> [Exercise description]
Nothing but the lines from the one containing "轻奢茶椅主人位椅真皮高端别墅家用胡桃木实木扶手椅办公室泡茶椅" through the last line of the records belongs in the answer, copied exactly and with the pictures left out.

[Items from a data source]
↓
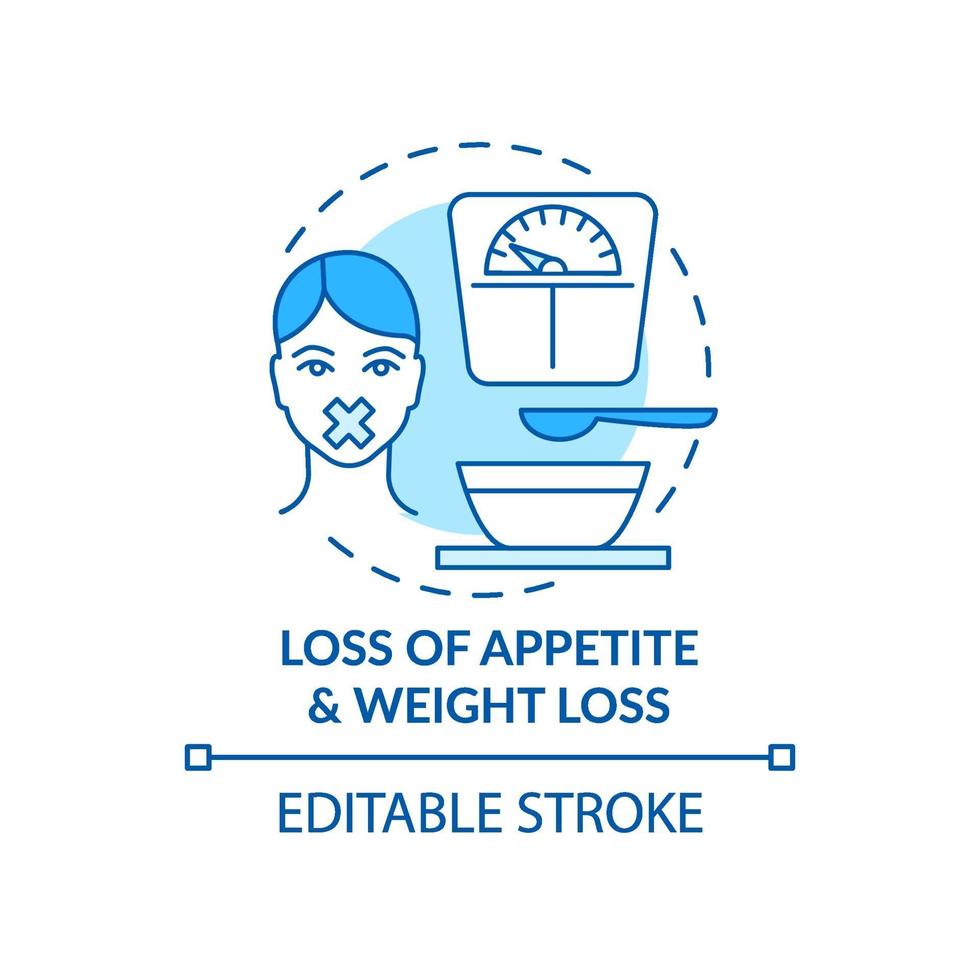 ícone do conceito de apetite e perda de peso vetor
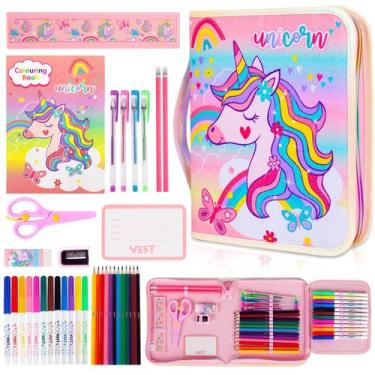 Imagem de Conjunto de marcadores YOYTOO Unicorn com estojo de lápis Glitter e pa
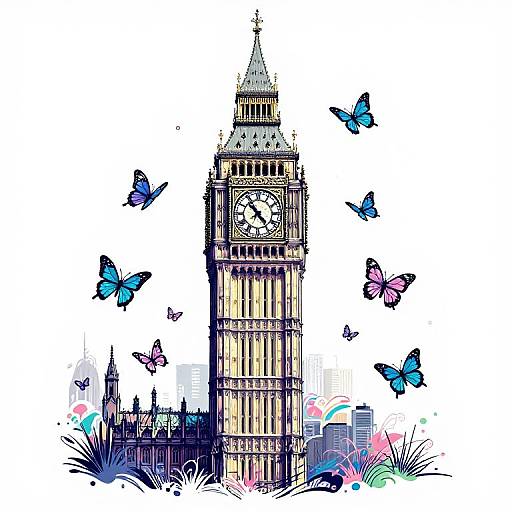 Big Ben with Colorful Butterflies Graffiti Art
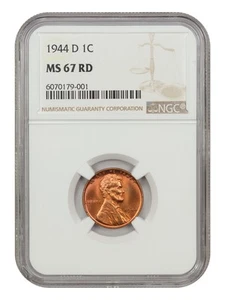 1944-D 1C NGC MS67RD - Lincoln Cent (Wheat Reverse) - Picture 1 of 4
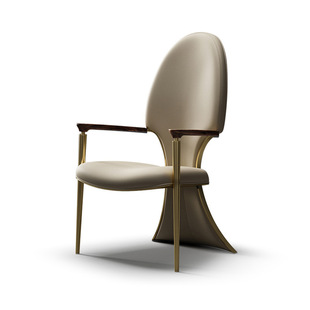 轻奢茶椅主人位椅真皮高端别墅家用胡桃木实木扶手椅办公室泡茶椅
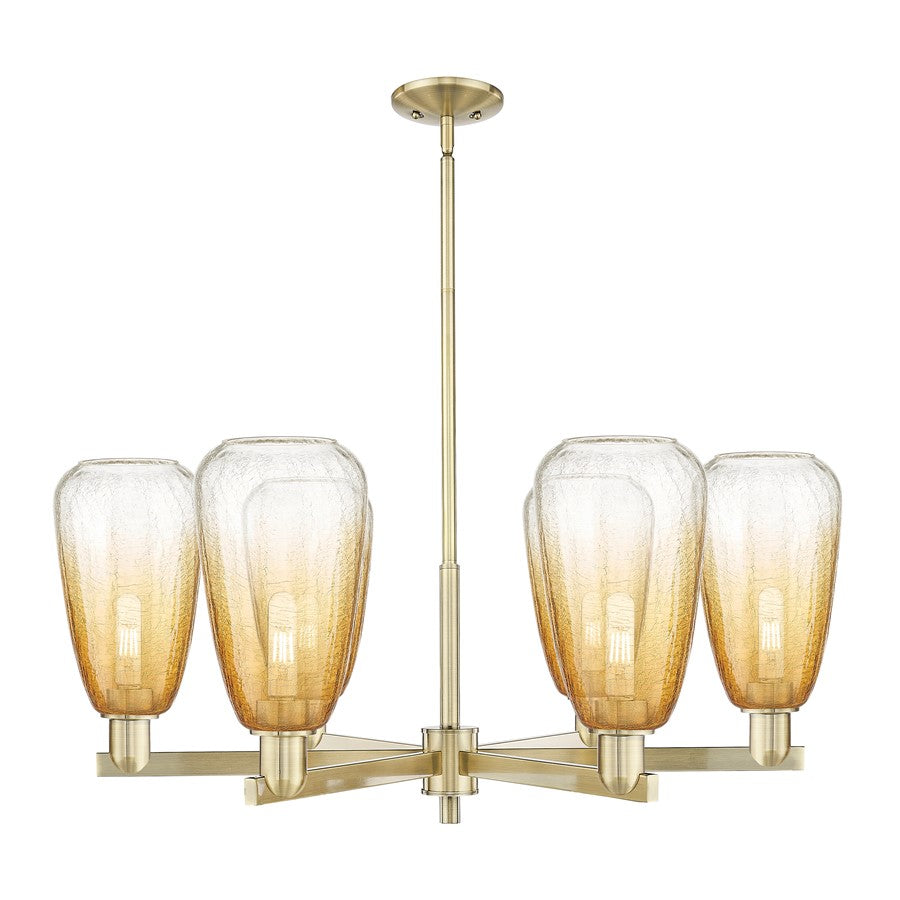 Innovations BH Almond 6Lt 24" Stem Chandelier, AB/AM - 716-6CR-AB-G480-6AM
↑
> [Answer]
 轻奢茶椅主人位椅真皮高端别墅家用胡桃木实木扶手椅办公室泡茶椅
 Innovations BH Almond 6Lt 24" Stem Chandelier, AB/AM - 716-6CR-AB-G480-6AM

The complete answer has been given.